As he turned the 6-inch bolt a dozen times, Anderson urged, "Come on, baby. Get on there. Yeah, get 'er done."
The astronauts inside kept urging the spacewalkers to take a break and rest their hands. But they insisted they weren't too tired. Nevertheless, Mission Control put off the fluid line hookups for the tank and a few other chores, saying they could be completed in the third and final spacewalk Tuesday.
Even with that, the spacewalk ran long at 7 1/2 hours. By then, the two were beat.
Shuttle Discovery's commander, Alan Poindexter, urged his two crewmen to "take it slow and easy" as they headed back inside. And Metcalf-Lindenburger promised them a good dinner. Anderson, a Nebraskan, got a hankering for corn - and steak - after Metcalf-Lindenburger complimented him with a baseball term.

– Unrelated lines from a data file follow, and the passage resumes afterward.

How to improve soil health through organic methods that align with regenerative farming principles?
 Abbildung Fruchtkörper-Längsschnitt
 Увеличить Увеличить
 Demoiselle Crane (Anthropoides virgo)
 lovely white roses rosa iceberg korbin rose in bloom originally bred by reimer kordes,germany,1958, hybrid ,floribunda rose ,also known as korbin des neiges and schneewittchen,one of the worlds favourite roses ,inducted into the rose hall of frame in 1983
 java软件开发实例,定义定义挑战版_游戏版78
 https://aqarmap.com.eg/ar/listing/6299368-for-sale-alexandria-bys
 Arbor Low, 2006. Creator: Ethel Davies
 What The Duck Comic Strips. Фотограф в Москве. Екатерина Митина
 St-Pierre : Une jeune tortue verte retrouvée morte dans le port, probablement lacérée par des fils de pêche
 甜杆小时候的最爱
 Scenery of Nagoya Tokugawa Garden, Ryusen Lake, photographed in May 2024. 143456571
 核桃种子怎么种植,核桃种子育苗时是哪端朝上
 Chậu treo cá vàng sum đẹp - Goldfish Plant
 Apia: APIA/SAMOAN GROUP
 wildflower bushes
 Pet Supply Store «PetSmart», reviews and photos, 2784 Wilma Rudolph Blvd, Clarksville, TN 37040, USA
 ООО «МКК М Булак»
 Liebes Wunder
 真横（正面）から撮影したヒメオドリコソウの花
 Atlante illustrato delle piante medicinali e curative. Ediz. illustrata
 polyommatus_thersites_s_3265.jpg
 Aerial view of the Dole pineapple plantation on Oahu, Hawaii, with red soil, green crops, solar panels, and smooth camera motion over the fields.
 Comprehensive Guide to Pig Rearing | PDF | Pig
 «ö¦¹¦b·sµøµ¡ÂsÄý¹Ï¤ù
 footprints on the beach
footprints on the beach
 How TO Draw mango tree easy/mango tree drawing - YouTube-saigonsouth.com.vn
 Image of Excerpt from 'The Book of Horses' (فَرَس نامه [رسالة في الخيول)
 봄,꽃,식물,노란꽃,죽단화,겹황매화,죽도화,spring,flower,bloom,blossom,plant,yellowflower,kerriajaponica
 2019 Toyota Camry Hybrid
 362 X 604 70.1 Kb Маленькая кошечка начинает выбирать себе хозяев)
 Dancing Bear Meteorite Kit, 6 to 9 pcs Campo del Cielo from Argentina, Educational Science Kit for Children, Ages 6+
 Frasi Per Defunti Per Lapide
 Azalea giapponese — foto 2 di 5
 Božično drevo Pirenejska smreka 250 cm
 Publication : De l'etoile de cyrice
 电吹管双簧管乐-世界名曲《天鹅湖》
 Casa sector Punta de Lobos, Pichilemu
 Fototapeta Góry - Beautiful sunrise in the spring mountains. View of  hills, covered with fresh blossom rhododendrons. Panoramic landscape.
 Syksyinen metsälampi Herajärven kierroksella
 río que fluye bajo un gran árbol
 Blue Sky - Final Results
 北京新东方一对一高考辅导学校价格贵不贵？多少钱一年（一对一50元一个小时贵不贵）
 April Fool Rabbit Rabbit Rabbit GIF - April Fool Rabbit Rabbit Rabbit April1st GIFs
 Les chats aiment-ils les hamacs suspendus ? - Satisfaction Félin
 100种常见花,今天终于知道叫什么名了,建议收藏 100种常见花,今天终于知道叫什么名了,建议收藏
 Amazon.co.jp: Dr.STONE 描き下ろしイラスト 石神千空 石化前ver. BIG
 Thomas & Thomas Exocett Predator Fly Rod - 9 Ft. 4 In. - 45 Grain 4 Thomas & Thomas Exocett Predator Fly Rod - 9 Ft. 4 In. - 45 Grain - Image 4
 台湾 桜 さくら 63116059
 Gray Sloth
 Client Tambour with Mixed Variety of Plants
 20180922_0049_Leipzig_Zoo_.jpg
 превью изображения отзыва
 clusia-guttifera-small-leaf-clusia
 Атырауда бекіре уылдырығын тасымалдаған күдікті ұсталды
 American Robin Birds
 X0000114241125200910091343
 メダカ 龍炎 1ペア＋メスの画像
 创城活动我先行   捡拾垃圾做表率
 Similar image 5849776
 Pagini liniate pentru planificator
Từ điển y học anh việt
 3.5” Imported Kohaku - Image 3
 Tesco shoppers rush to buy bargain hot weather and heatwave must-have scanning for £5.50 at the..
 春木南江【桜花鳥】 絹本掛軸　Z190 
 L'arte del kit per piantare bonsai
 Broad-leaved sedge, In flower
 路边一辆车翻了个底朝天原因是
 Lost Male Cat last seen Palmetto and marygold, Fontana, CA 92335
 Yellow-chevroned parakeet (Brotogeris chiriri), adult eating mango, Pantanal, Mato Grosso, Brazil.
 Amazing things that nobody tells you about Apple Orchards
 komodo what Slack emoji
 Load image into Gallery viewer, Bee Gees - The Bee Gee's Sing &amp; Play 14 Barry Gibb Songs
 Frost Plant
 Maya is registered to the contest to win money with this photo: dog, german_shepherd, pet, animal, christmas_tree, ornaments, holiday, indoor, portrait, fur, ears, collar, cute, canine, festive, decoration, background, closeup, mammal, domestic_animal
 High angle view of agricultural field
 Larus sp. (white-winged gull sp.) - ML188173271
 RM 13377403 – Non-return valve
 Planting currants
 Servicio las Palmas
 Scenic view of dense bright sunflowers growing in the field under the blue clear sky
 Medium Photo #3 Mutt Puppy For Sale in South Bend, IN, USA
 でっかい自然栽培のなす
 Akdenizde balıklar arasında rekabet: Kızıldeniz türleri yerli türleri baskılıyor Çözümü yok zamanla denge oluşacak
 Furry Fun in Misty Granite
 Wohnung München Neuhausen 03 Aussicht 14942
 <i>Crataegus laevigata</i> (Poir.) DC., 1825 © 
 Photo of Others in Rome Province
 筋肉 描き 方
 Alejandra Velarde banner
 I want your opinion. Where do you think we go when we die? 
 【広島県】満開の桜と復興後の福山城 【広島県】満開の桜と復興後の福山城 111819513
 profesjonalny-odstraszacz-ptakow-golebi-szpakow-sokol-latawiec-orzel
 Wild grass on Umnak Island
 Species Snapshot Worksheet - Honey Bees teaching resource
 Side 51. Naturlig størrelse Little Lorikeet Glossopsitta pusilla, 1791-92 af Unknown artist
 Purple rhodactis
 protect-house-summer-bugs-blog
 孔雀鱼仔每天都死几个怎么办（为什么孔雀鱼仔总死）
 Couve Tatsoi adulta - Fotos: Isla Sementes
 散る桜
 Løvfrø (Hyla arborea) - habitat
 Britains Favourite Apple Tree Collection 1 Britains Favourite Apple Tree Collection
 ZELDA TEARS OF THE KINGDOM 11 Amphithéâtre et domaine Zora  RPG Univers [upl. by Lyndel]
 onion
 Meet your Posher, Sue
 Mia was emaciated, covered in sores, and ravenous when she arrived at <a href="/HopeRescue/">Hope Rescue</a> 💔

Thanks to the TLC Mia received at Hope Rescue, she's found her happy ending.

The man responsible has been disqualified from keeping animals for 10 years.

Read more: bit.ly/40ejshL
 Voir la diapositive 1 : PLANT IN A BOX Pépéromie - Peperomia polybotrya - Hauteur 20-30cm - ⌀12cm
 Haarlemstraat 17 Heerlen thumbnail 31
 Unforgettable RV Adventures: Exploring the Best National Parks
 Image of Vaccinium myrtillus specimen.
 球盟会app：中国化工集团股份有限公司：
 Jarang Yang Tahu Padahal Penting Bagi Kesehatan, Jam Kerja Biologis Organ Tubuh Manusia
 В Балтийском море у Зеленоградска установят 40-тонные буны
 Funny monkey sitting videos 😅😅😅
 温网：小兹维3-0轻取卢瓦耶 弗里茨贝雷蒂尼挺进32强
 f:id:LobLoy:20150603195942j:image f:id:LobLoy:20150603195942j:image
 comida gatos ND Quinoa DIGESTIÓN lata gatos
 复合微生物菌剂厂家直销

"Clay makes turning bolts look like a can of corn," she said, referring to an easily caught fly ball. "That was a long, long day, and you did a really good job."
The lead spacewalk officer in Mission Control, David Coan, later said mental fatigue was the main concern.
The slot for the fresh tank was emptied earlier in the spacewalk, when Mastracchio and Anderson popped out a spent ammonia tank that had been on the space station for eight years. The ammonia is circulated through radiators to cool space station electronics.
Removing the old tank also proved difficult.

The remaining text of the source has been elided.